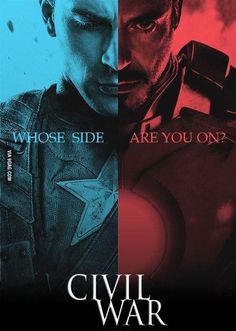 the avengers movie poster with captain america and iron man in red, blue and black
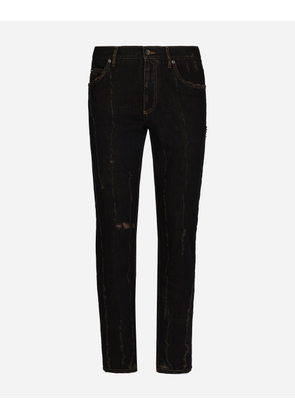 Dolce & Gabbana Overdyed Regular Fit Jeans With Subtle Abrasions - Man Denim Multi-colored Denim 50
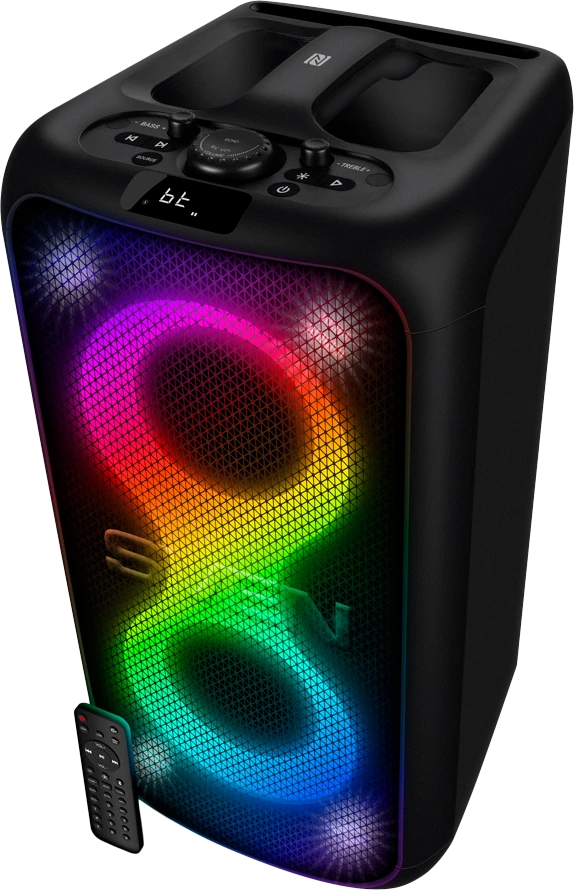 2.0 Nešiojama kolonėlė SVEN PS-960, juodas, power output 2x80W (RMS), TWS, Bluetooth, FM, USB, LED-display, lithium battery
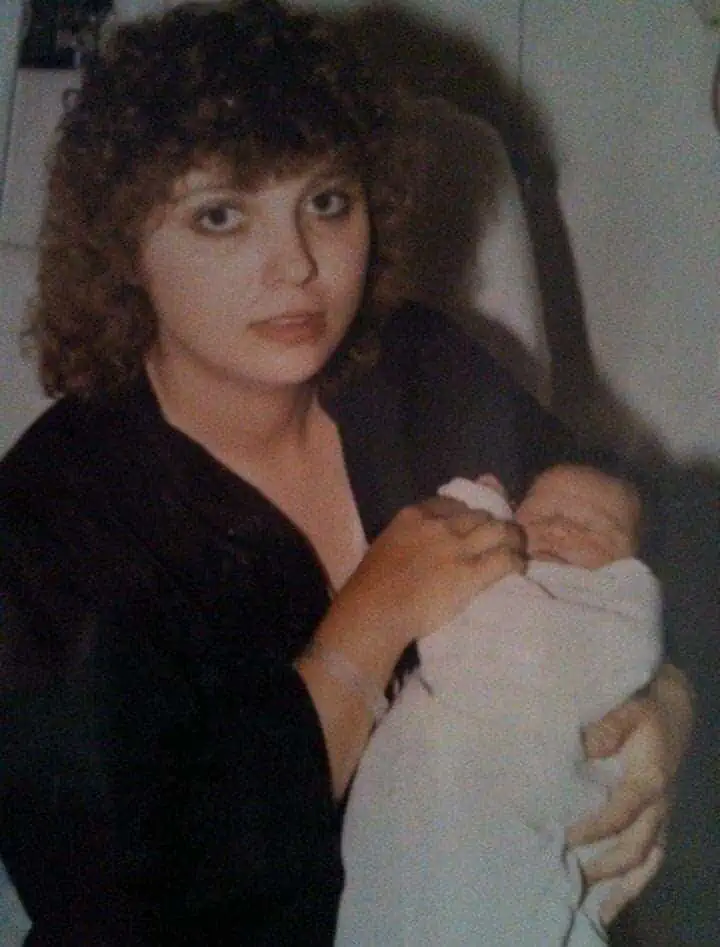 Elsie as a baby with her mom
***
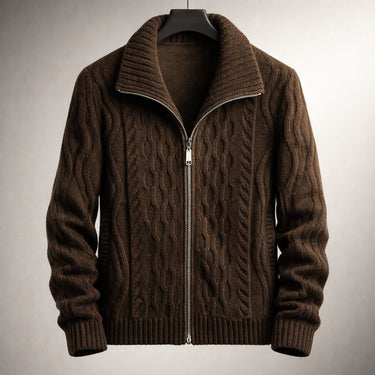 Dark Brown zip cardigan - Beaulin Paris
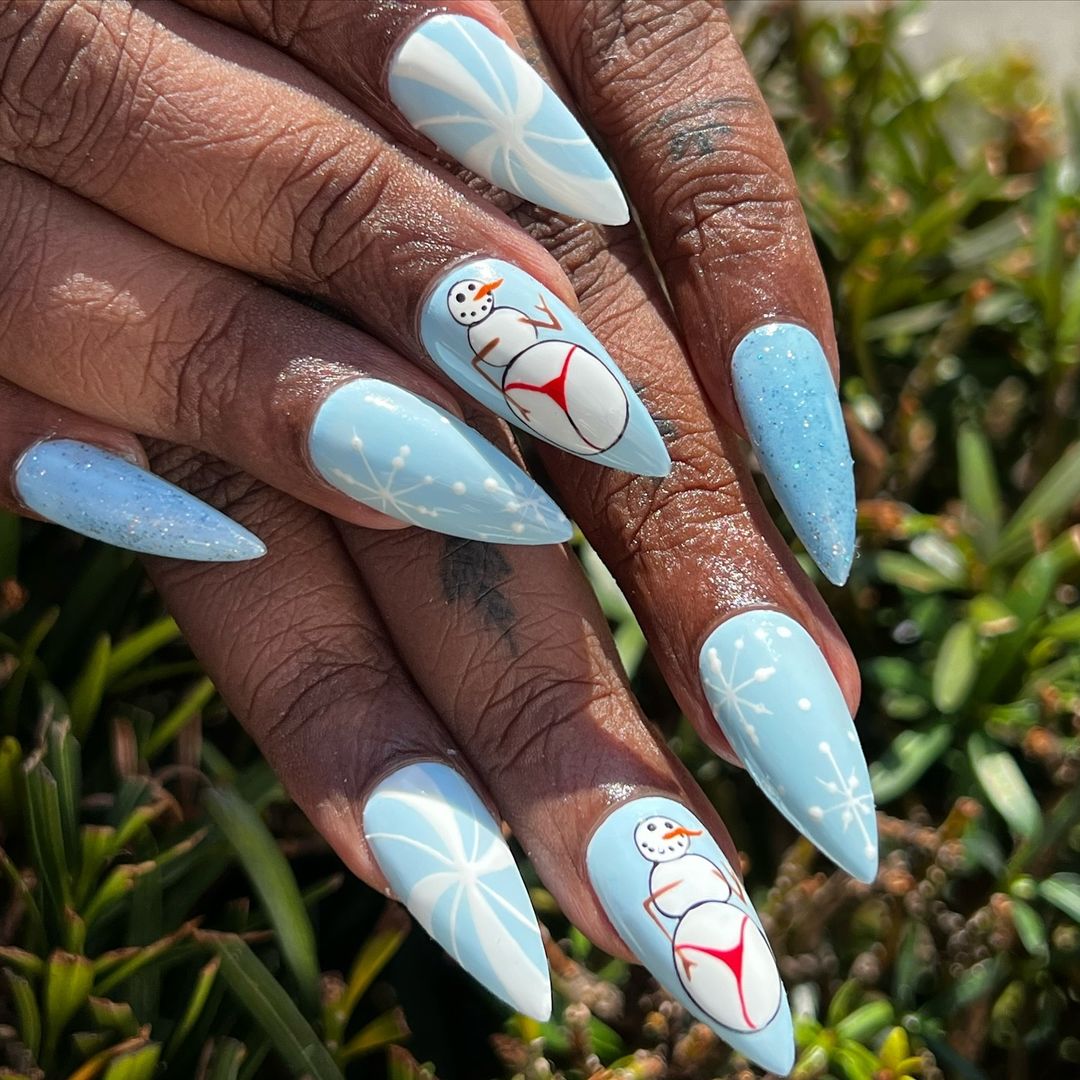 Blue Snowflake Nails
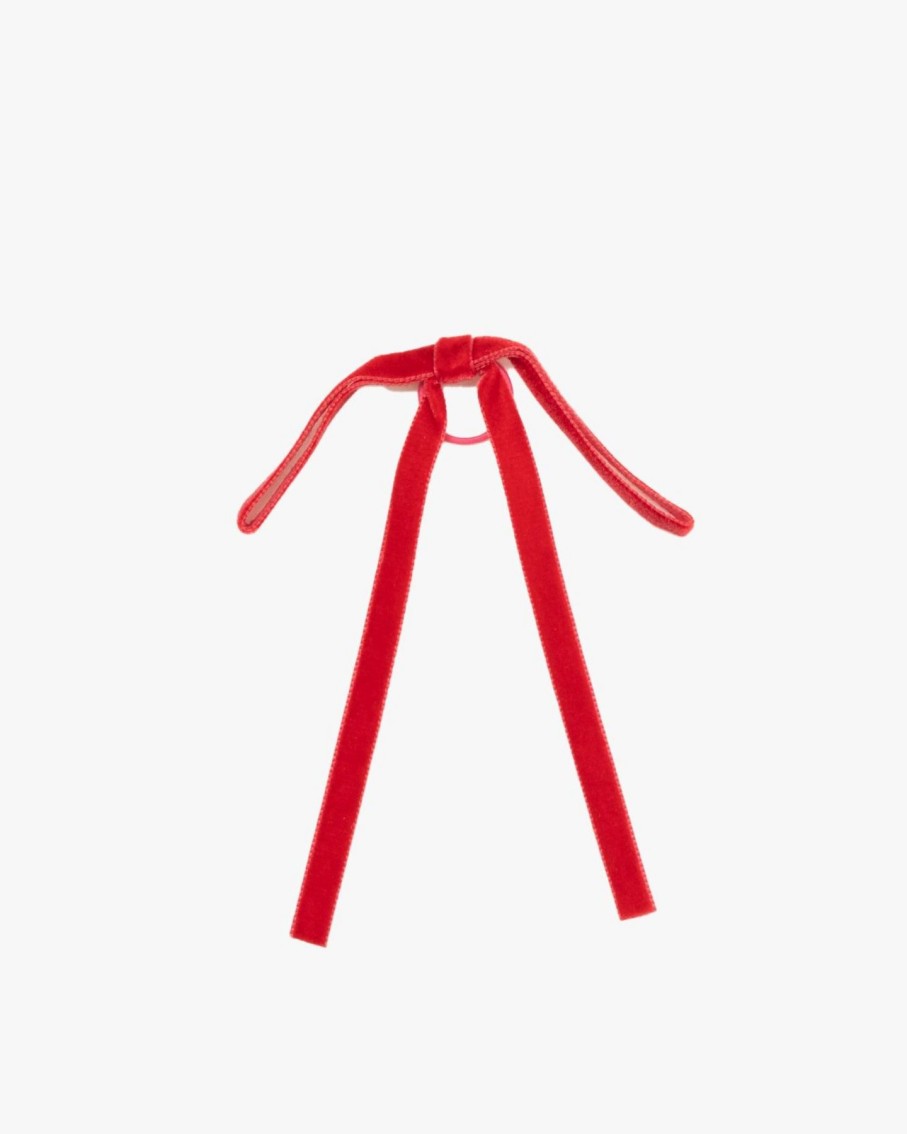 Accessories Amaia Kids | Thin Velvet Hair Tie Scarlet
***
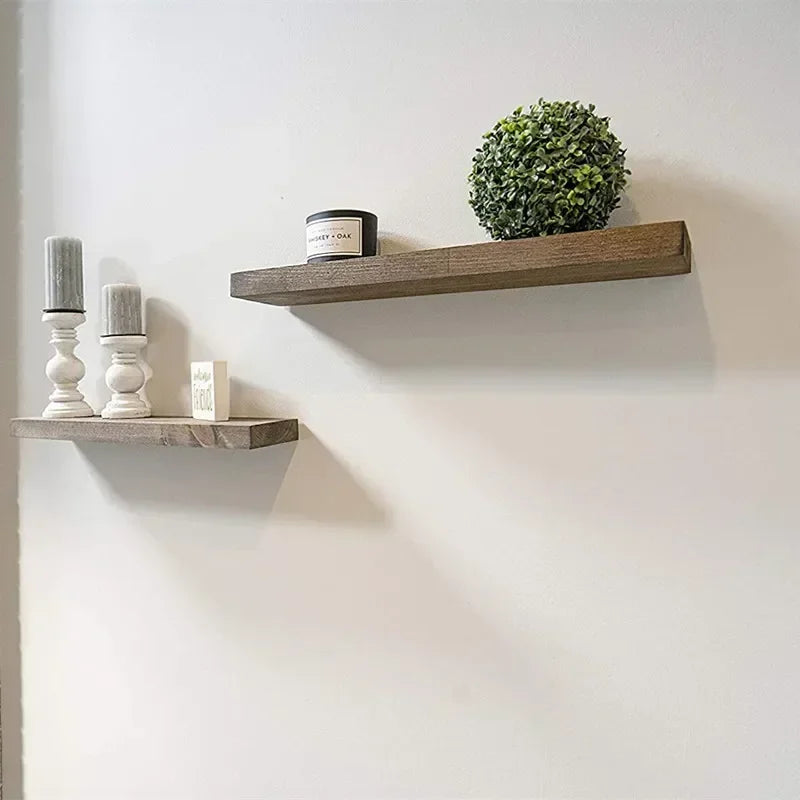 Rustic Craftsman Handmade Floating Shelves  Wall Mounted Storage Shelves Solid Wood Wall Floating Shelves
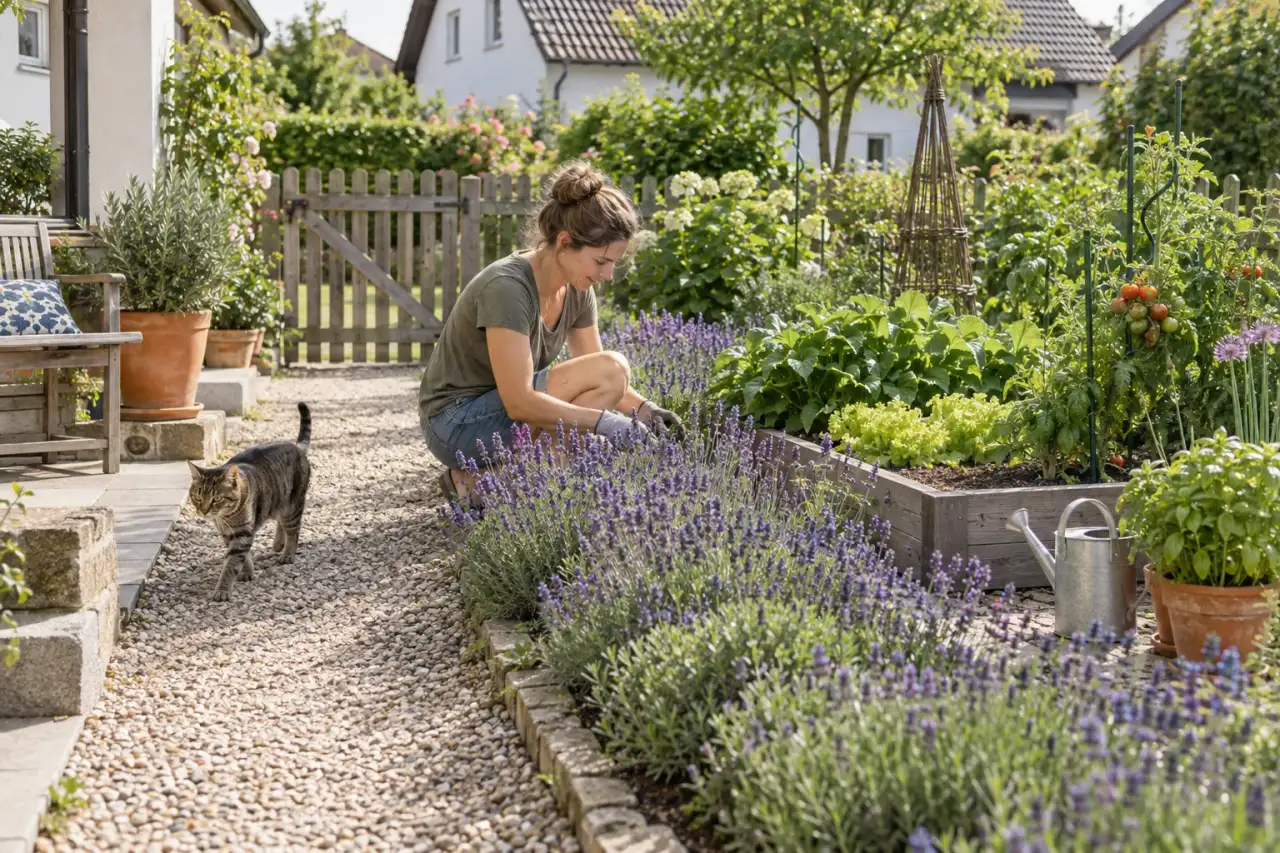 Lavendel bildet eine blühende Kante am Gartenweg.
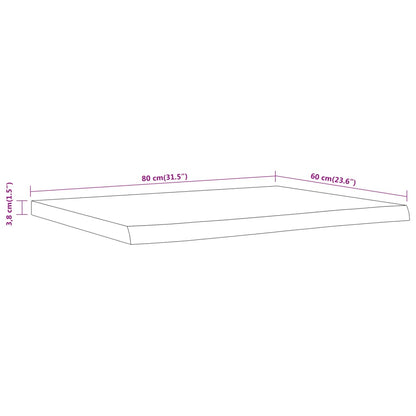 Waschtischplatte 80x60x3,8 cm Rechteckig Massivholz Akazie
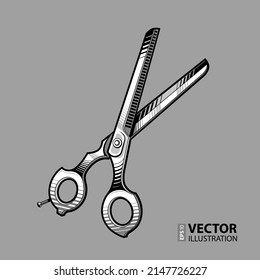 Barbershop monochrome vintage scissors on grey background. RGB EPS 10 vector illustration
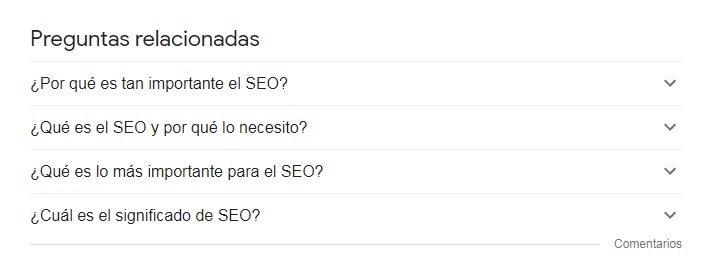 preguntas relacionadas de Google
***
EXERCISE BRIEF:
Going by the data above, give back only the lines from the one containing "Waschtischplatte 80x60x3,8 cm" through the one containing "preguntas relacionadas de Google", exactly as they stand, both ends included and no images.

EXERCISE OUTPUT:
 Waschtischplatte 80x60x3,8 cm Rechteckig Massivholz Akazie
 Barbershop monochrome vintage scissors on grey background. RGB EPS 10 vector illustration
 preguntas relacionadas de Google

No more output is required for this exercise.